• Your assignment:
Within the entries below, output exactly the lines between the line containing "Market position of" and the line containing "Netstat, combined", inclusive, and omit any picture.

• Data for the task:
* * *

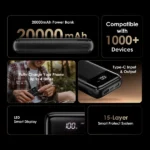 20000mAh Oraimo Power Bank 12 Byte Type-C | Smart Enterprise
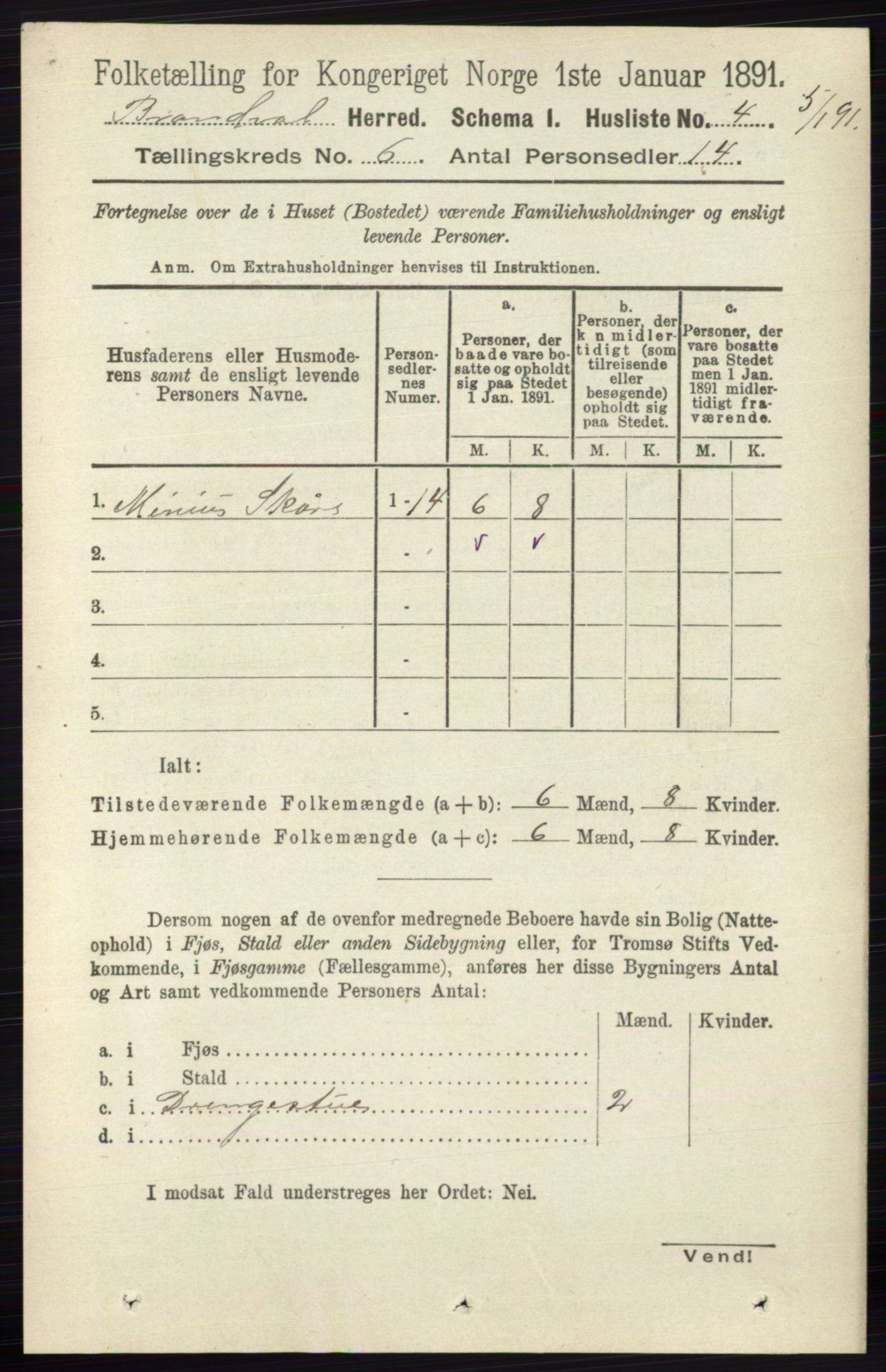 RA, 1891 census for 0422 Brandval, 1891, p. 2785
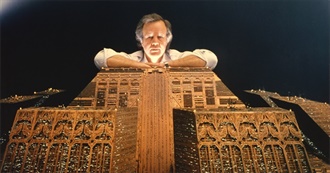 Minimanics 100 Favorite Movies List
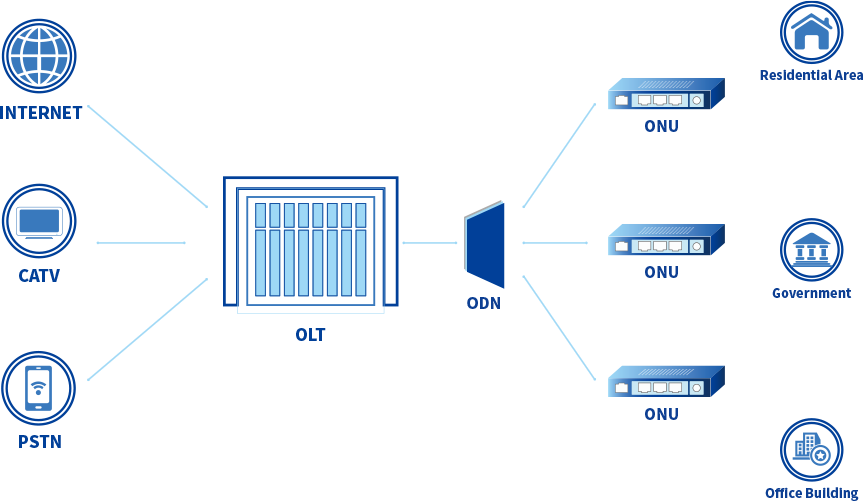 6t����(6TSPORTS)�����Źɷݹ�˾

* * *

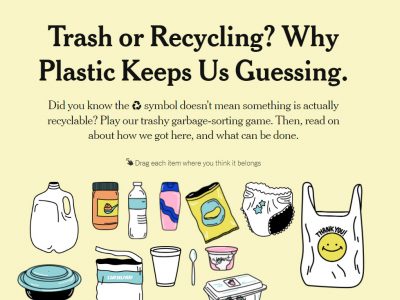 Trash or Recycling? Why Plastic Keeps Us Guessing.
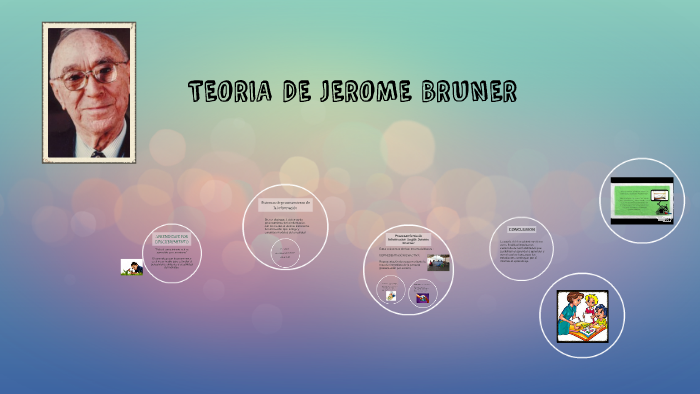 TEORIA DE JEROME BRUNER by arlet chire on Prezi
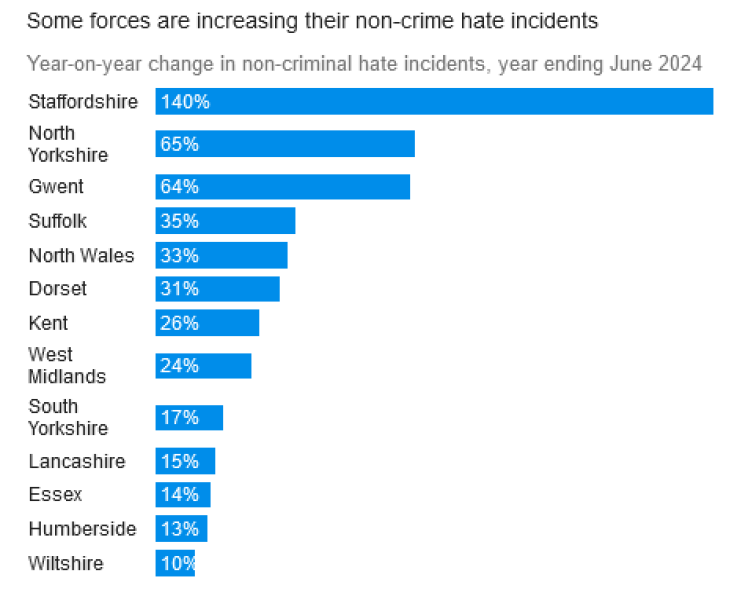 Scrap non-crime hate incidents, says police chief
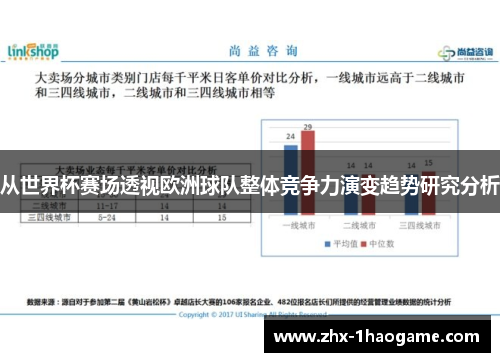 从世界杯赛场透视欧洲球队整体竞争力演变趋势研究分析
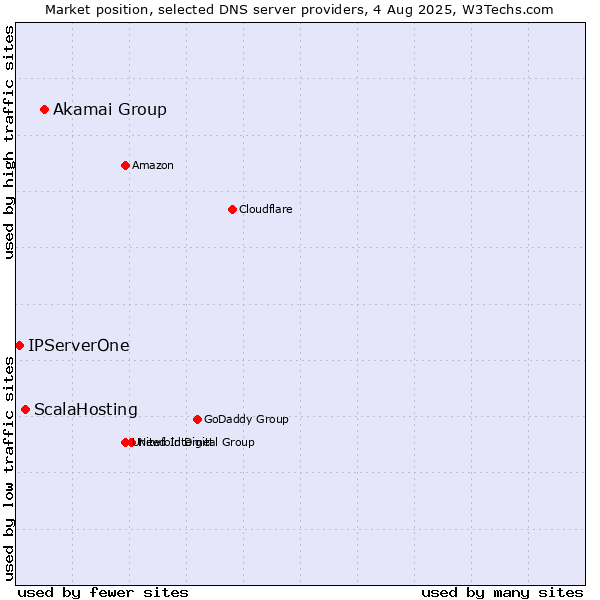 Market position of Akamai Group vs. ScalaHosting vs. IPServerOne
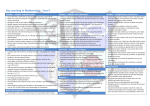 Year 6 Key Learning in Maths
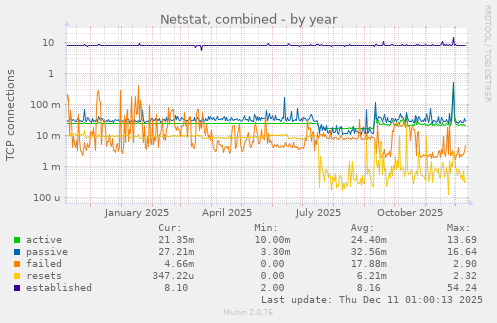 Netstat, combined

* * *

• Solution to the problem:
 Market position of Akamai Group vs. ScalaHosting vs. IPServerOne
 Year 6 Key Learning in Maths
 Netstat, combined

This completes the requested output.